Thanh Phong Lê1, Andrea Capozzi1,2, Jean-Noël Hyacinthe1, and Mor Mishkovsky1
1Laboratory for Functional and Metabolic Imaging, EPFL, Lausanne, Switzerland, 2Center for Hyperpolarization in Magnetic Resonance (HYPERMAG), Technical University of Denmark (DTU), Lyngby, Denmark

Synopsis

Keywords: Hyperpolarized MR (Non-Gas), Brain

Motivation: Fasting is a common procedure to reduce physiological variability and to facilitate surgical procedures.

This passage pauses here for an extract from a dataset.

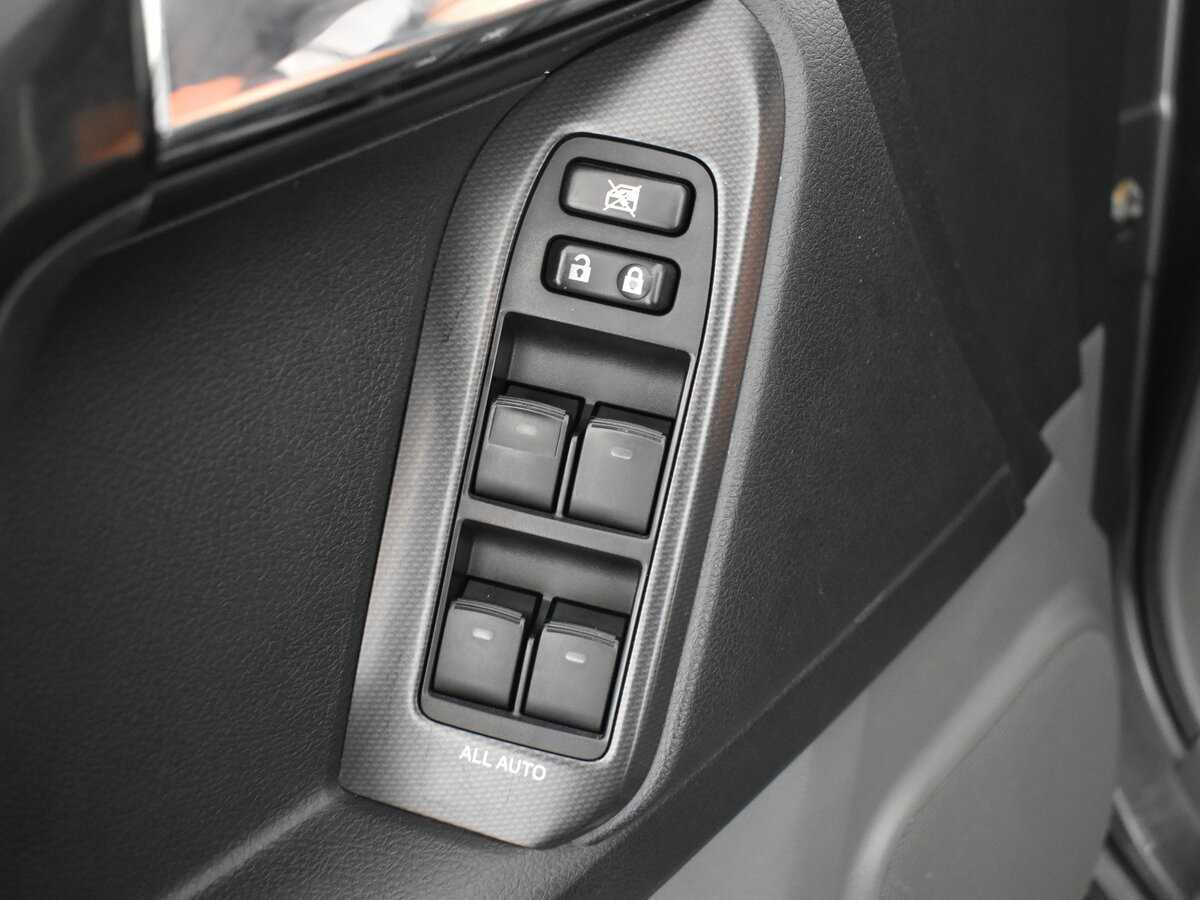 Toyota Land Cruiser Prado, 2012 - 210 347 км. | Фото №8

Anesthesia is commonly employed in preclinical research. [1-13C] pyruvate is the gold standard hyperpolarized metabolic contrast agent, since it allows detecting metabolic changes within less than one minute.

Goal(s): Here we aim to investigate how anesthesia and fasting influence cerebral metabolism of hyperpolarized [1-13C]pyruvate.

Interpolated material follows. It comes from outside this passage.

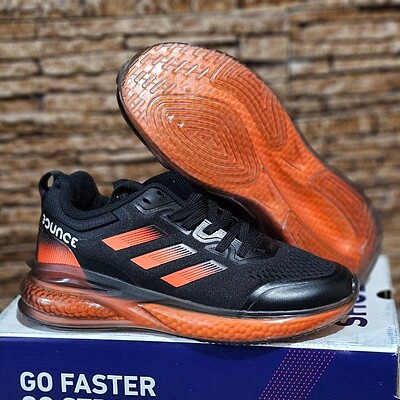 کتونی سایز میانه آدیداس کویر Adidas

Approach: Dynamic MRSI at high spatiotemporal resolution characterized HP pyruvate metabolism.

Results: Pyruvate-to-lactate turnover is slower and lower under medetomidine-isoflurane than isoflurane-only anesthesia. Only when mice were anesthetized with medetomidine-isoflurane fasting led to longer decay of the pyruvate signal.

Impact: Fasting and anesthesia influence brain metabolism and consciousness. Higher pyruvate-to-lactate turnover is observed in mice under isoflurane-only than medetomidine-isoflurane anesthesia. Besides the relevance for preclinical studies, this opens opportunities for probing brain biochemistry in anesthetized patients and influence of fasting.